On 18 February 2019, Bingo Industries Limited has provided outlook and market update for FY19. It expects its underlying EBITDA for the full year ending 30 June 2019 to be in-line with the previous year. Following this release, the share price of the company decreased by 45.565% on 18 February 2019 (AEST 3:42 PM).
As per the release, volumes in the Building & Demolition (B&D) collections business of the company were above the previous corresponding period but have not grown as much as the initial forecast. Additionally, competition in the B&D collections market has put downward pressure on pricing which might be impacted its margins. The company experienced a faster than anticipated softening in multi-dwelling residential construction activity across its key markets in NSW and Victoria.
The forecasted price rise of the company was delayed coinciding with the introduction of the Queensland waste levy, to ensure the customers of the company received a single price increase during the year. Due to the delay in the introduction of the Queensland levy, together with the softening residential market, the company has decided not to implement a price increase until FY20. On the back of this, the company will absorb increased costs for the whole of FY19, including tipping and transport, that would ordinarily be covered in the price rise.
As previously advised, the company has had several recycling facilities in NSW and Victoria offline for redevelopment, which is a part of its network expansion program. A further review was conducted relating to the network configuration plan based on the proposed acquisition of DADI and pending regulatory reforms, including comprehensive new fire regulations. This has resulted in a change in scope to certain projects, impacting timing.

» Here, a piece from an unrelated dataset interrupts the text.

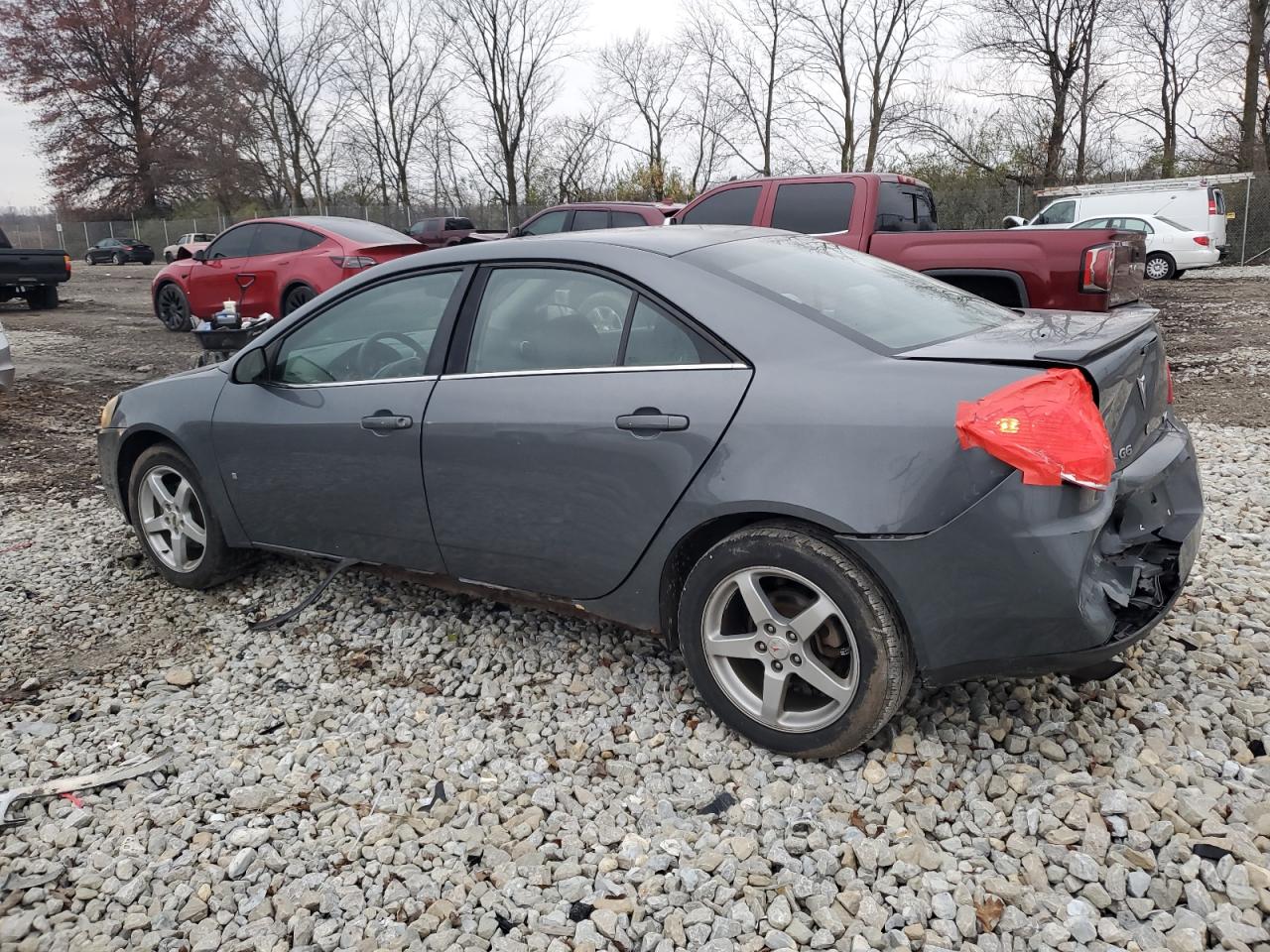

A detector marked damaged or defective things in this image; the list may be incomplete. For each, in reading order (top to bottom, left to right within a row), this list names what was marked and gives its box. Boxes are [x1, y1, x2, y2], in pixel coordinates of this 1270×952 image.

The reconfiguration will deliver enhanced operational efficiencies and lower the overall capital program by $25 million to $30 million, an approximate saving of 15%-20% on the original budget. To achieve this, the reopening of the company’s Mortdale facility will occur in H1 FY20, while the requirement to redevelop its Minto facility is currently under review. The Patons Lane redevelopment of the company is on track, and its West Melbourne facility will start operations in April 2019.
The combination of the above factors will result in a reduction to its full year guidance for the financial period ending 30 June 2019. On the price-performance front, the stock of Bingo Industries last traded at $1.252 with a market capitalisation of $1.34 billion. The stock has generated a YTD return of 26.03% and posted negative returns of 14.75% and 1.29% over the last six months and three months period respectively, however over the past one month the return has been 13.30%. It has a 52-week high price of $3.270 and a 52-week low price of $1.20 with an average trading volume of ~2.10 million. The stock is trading at a PE multiple of 23.0x with an EPS of AUD 0.100.